■ WHAT THE TASK ASKS
Find every line below where the string "portrait" shows up, and copy those lines.

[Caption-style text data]
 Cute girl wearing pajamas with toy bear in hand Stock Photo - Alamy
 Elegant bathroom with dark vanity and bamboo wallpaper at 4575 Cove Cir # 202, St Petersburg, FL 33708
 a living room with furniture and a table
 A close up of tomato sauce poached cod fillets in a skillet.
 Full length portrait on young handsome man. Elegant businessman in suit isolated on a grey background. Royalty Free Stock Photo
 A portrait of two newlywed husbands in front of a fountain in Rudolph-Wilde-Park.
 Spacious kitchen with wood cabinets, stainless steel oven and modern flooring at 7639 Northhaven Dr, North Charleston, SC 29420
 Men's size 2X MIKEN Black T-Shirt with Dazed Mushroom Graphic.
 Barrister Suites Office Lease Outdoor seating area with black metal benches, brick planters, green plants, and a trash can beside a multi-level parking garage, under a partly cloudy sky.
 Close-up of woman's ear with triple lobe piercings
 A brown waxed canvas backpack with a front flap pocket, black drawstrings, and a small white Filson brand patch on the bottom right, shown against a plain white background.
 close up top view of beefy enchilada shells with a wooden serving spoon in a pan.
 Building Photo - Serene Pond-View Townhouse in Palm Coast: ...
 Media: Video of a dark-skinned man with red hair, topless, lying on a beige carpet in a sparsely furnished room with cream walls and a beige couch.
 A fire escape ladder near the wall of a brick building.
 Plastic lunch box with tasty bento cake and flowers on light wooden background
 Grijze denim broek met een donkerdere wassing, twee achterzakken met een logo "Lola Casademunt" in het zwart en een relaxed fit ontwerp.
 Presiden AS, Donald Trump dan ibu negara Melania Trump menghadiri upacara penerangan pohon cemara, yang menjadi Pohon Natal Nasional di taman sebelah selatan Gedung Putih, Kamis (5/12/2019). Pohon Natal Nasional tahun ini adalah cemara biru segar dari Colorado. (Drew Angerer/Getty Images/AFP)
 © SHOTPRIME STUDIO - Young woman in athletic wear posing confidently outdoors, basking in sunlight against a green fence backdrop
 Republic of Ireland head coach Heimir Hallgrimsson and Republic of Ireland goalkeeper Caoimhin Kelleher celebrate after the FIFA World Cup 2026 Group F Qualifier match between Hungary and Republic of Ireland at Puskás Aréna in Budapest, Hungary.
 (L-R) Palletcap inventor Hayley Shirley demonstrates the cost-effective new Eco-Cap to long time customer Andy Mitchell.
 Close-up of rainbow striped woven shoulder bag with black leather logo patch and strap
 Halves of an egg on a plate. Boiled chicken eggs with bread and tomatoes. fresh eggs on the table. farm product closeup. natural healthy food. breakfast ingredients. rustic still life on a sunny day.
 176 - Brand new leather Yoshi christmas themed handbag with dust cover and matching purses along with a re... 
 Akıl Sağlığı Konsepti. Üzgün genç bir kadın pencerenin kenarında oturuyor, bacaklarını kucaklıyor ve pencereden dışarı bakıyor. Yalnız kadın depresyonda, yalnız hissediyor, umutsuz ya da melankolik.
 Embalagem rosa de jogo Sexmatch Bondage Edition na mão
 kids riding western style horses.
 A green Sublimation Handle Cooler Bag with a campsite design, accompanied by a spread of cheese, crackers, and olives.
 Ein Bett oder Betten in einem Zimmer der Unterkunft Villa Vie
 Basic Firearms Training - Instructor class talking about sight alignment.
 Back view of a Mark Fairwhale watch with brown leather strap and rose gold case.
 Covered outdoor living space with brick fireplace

■ WRITTEN REPLY
 Full length portrait on young handsome man. Elegant businessman in suit isolated on a grey background. Royalty Free Stock Photo
 A portrait of two newlywed husbands in front of a fountain in Rudolph-Wilde-Park.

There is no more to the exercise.